[WORK TO BE COMPLETED]: A letter-for-letter copy of the listing is required, with no pictures in it.

[RECORDS TO PROCESS]:
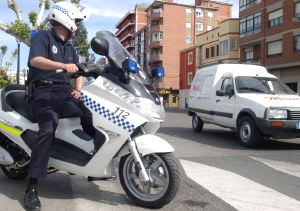 Un polica local patrulla en Medina del Campo. / FRAN JIMNEZ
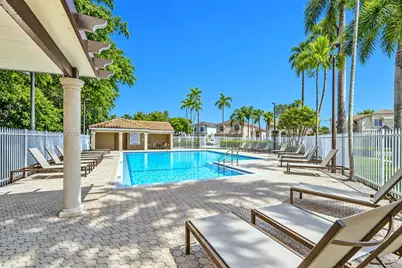 325 NW 158th Ln, Pembroke Pines, FL 33028 - Photo 33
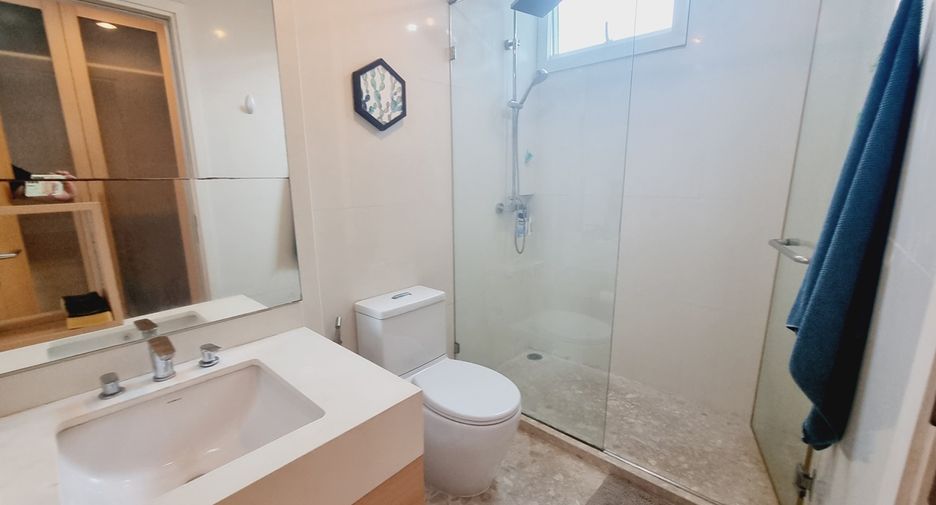 For sale 1 bed condo in Watthana, Bangkok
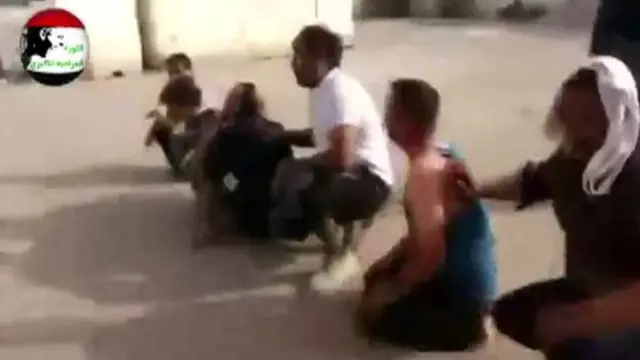 لقطة من فيديو يقال إنه لرجال من عشيرة البو نمر أثناء أسرهم من جانب متشددي تنظيم الدولة الإسلامية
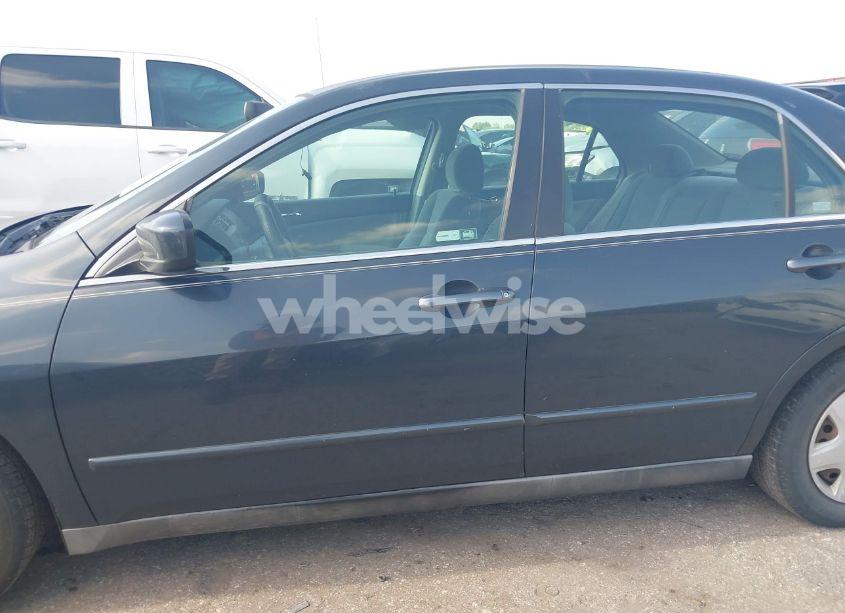 Photo 13 of 2007 Honda Accord 2.4 LX (VIN 3HGCM56437G700174)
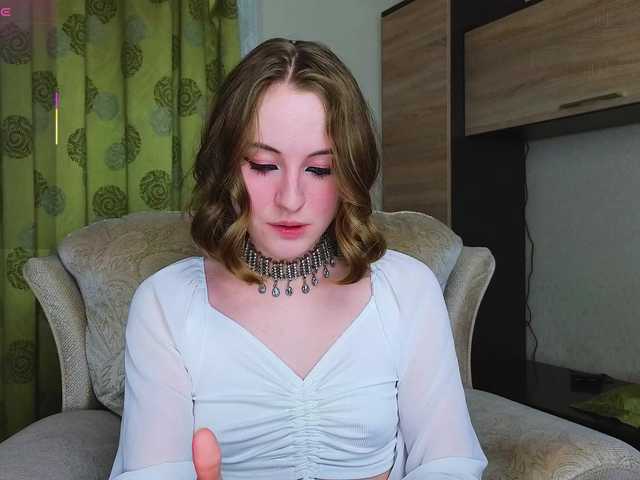 Adelina-Cowell live cam on BongaCams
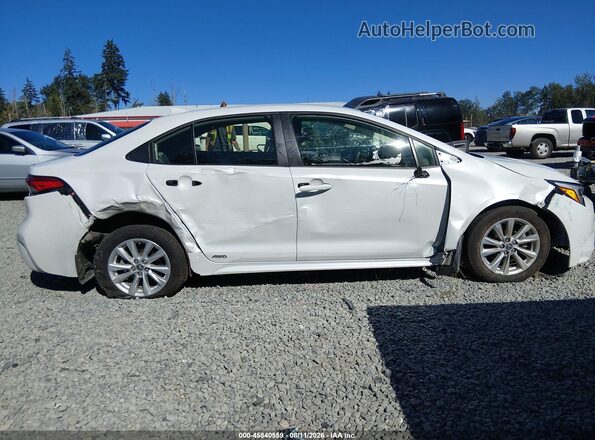 JTDBDMHE9R3008453 2024 TOYOTA COROLLA White Widok z przodu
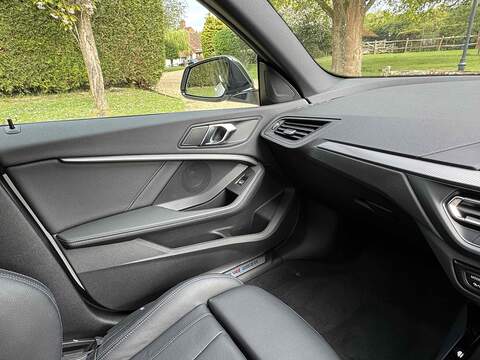 BMW 2 Series Gran Coupe M235i - U10002769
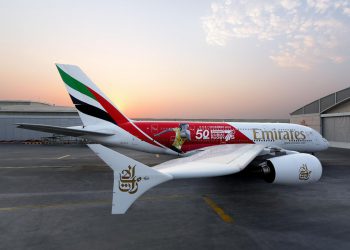 A380 ‘Rugby Sevens’ için özel boyandı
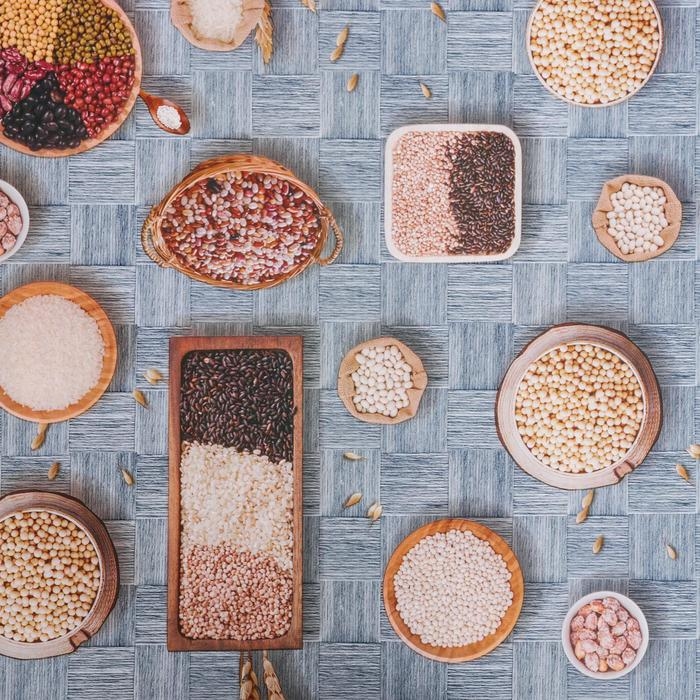 Клеёнка на стол на тканевой основе «Урожай», ширина 137 см, рулон 20 м, толщина 0,22 мм Клеёнка на стол на тканевой основе «Урожай», ширина 137 см, рулон 20 м, толщина 0,22 мм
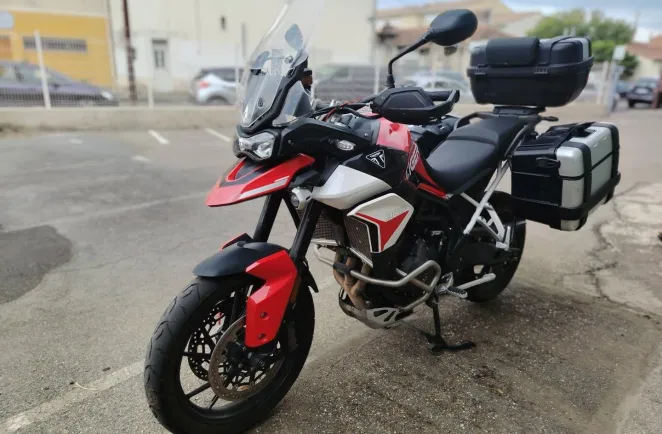 TRIUMPH 900 GT Aragón Edition BRIDABLE A2 POT AROW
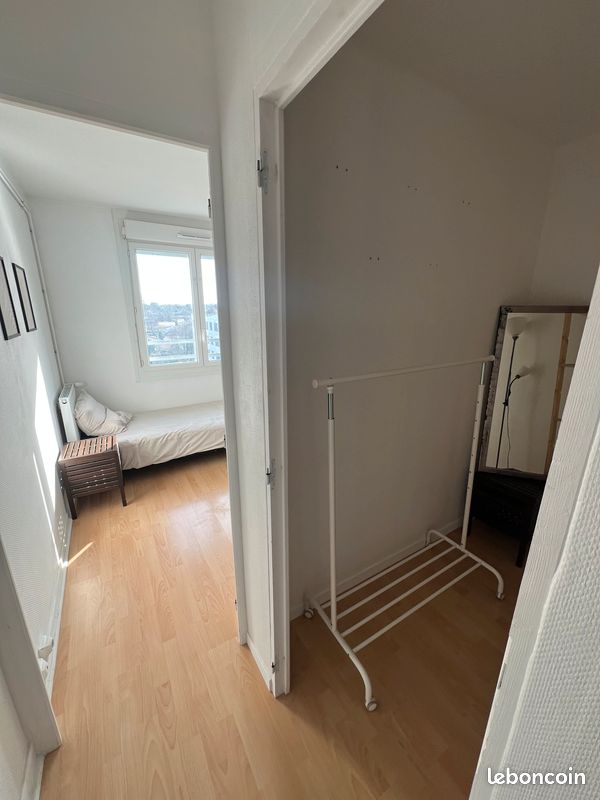 Chambre dans colocation étudiante (image 2)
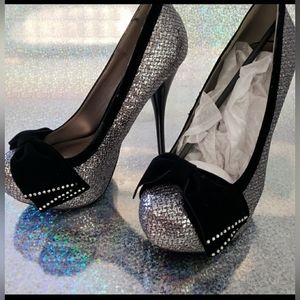 QUPID Stiletto High Heels Silver Sparkly/ Black Bows Sz 6.5 NIB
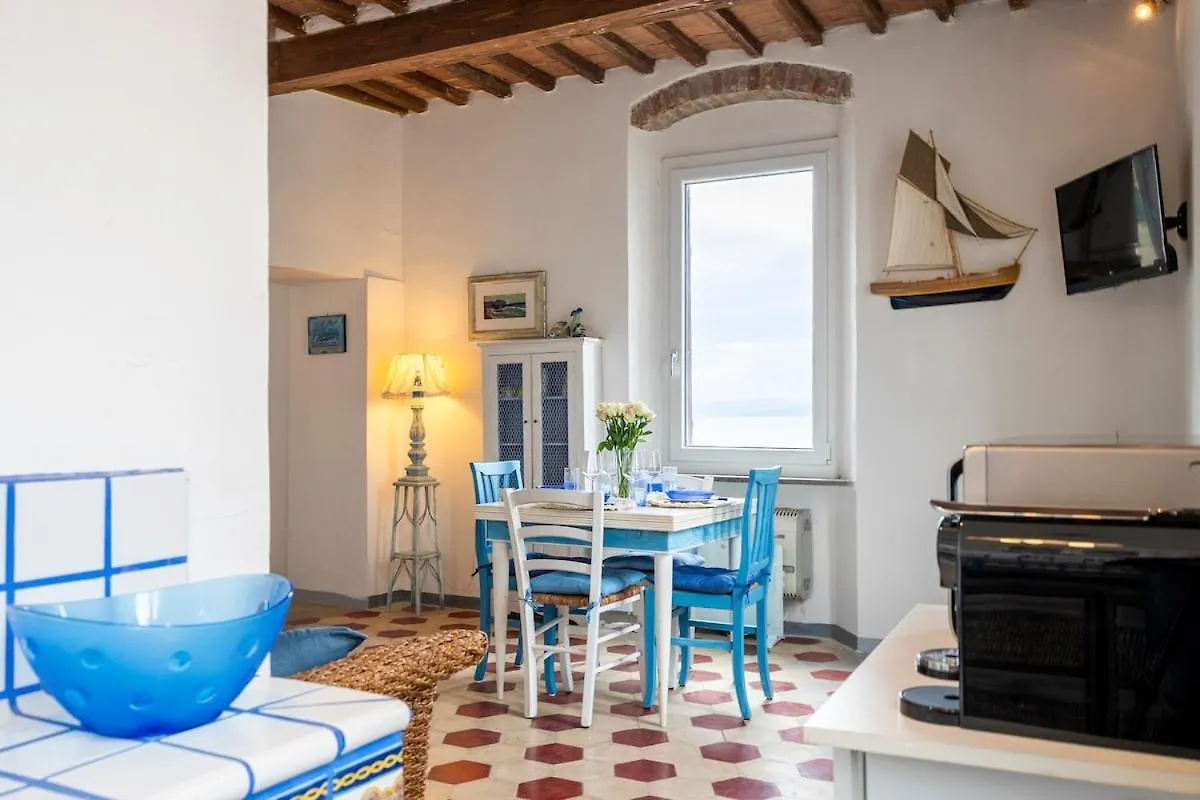 Sea View In The Heart Of Piombino Apartment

[SOLUTION TO THIS PROBLEM]:
 Un polica local patrulla en Medina del Campo. / FRAN JIMNEZ
 325 NW 158th Ln, Pembroke Pines, FL 33028 - Photo 33
 For sale 1 bed condo in Watthana, Bangkok
 لقطة من فيديو يقال إنه لرجال من عشيرة البو نمر أثناء أسرهم من جانب متشددي تنظيم الدولة الإسلامية
 Photo 13 of 2007 Honda Accord 2.4 LX (VIN 3HGCM56437G700174)
 Adelina-Cowell live cam on BongaCams
 JTDBDMHE9R3008453 2024 TOYOTA COROLLA White Widok z przodu
 BMW 2 Series Gran Coupe M235i - U10002769
 A380 ‘Rugby Sevens’ için özel boyandı
 Клеёнка на стол на тканевой основе «Урожай», ширина 137 см, рулон 20 м, толщина 0,22 мм Клеёнка на стол на тканевой основе «Урожай», ширина 137 см, рулон 20 м, толщина 0,22 мм
 TRIUMPH 900 GT Aragón Edition BRIDABLE A2 POT AROW
 Chambre dans colocation étudiante (image 2)
 QUPID Stiletto High Heels Silver Sparkly/ Black Bows Sz 6.5 NIB
 Sea View In The Heart Of Piombino Apartment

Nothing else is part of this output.